研究課題/領域番号 |
23K15745
|
研究種目 |
若手研究
|
配分区分 | 基金 |
審査区分 |
小区分56020:整形外科学関連
|
研究機関 | 佐賀大学 |
研究代表者 |
坂井 達弥 佐賀大学, 医学部附属病院, 病院助教 (40939477)
|
研究期間 (年度) |
2023-04-01 – 2026-03-31
|
研究課題ステータス |
交付 (2023年度)
|
配分額 *注記 |
4,550千円 (直接経費: 3,500千円、間接経費: 1,050千円)
2025年度: 1,560千円 (直接経費: 1,200千円、間接経費: 360千円)
2024年度: 1,560千円 (直接経費: 1,200千円、間接経費: 360千円)
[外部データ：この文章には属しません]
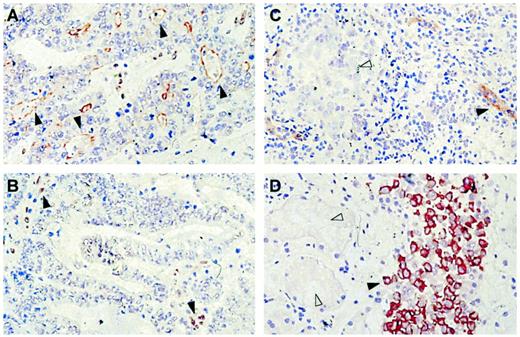 Fig. 2. Cryosections, stained with the BXP-34 Mab, of two small-intestine tumors (A, B); a testicular tumor (C); and a control section of normal human kidney, preinjected with a mixture of parental and MX-resistant MCF-7 MR breast cancer cells (D). Biotinylated rabbit-antimouse serum and HRP-labeled streptavidin were used as secondary reagents. Color development was with AEC. A,▴, BCRP staining of the epithelial cells of the neoplastic crypts. B, no staining is observed, except for some desmoplastic stroma staining (▴). C, the seminoma cells are negative (▵), but staining of the endothelial cells is observed(▴). D, no BCRP staining is observed in the kidney tubules (▵), whereas strong staining is observed in the MCF-7 MR cells in the injected tumor cell suspension (▴).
2023年度: 1,430千円 (直接経費: 1,100千円、間接経費: 330千円)
|
キーワード | 変形性足関節症 / 遠位脛骨斜め骨切り術 / 生体力学研究 / 有限要素解析 / 接触面積 / 接触圧力 / 病態 / 矯正骨切り術 |
研究開始時の研究の概要 |
生体力学的観点から変形性足関節症の病態を明らかにするため、有限要素モデルを用いた基礎的・臨床的病態評価を行い、手術による足関節形態パラメーターの変化と距腿関節や距骨下関節の接触面積、接触圧力分布などの生体力学的環境との関連を明らかにする。これらの病態解析で得られた知見をもとに、CTを用いた骨形態学的・生体力学的シミュレーションにより個々の症例に最適な手術療法選択アルゴリズムを確立する。
|
研究実績の概要 |
実際の足関節に関節応力の集中が起きる立位アライメントを基準とした機能的な骨形態学的・生体力学的解析法を行い、関節内病変の分布・臨床症状との関連を解析することで変形性足関節症の病態を明らかにすることをまず第一の目的とした。 まず計画通りに健常者と変形性足関節症患者の遠位脛骨斜め骨切り術(DTOO)前後の立位足関節X線、CT DICOM dataから荷重肢位を再現した患者固有の3D surface modelを作成し、応力解析ソフトウェア(Mechanical Finder, 計算化学研究センター)を用いて有限要素モデルを作成し、片脚立位を想定した荷重条件における距腿関節の接触面積、接触圧力の分布を算出した。術前・術後と健常者とを比較した結果、DTOOによって距腿関節の距骨側の接触面積は増大し、接触圧力は減少することを認めたが、しかし健常群と同等ではなかった。本研究によってDTOOによる臨床スコアの改善と接触面積や接触圧力の変化が関連する可能性がある。そして今後、変形性足関節症の病態解析や遠位脛骨骨切り術の術前計画・治療効果検証を、有限要素解析を用いた本研究の手法を応用できると考えている。以上について、国内主要学会と国際学会で発表し、英語論文を執筆、オープンアクセスの医学誌に掲載された。
|
現在までの達成度 (区分) |
現在までの達成度 (区分)
3: やや遅れている
理由
多くの健常者、変形性足関節症患者の足関節を有限要素解析を進める予定であったが、脛骨側と距骨側の骨モデルと軟骨モデルの位置関係の調整が難しく、遅れている。
|
今後の研究の推進方策 |
一定数の健常者、変形性足関節症患者の病期の異なる患者ごとの接触応力解析を進める。そして骨切りモデルを作成し、それぞれのモデルで、荷重肢位を基準とした足関節の応力解析を行い、足関節接触圧力が正常範囲内となり、かつ日常生活動作に必要な足関節可動域を満たす矯正の位置を同定することにより、最も距腿関節の生体力学的環境を最適化する脛骨骨切り角度, 開大角度といった矯正アルゴリズムを確立する。 また、人工足関節置換術後のインプラント設置モデルを用いて、各アライメント条件における接触応力の変化を比較し、異なるアライメントがどのように影響を与えるか評価し、傾向やパターンを考察、最適な人工足関節アライメント条件について結論を導く。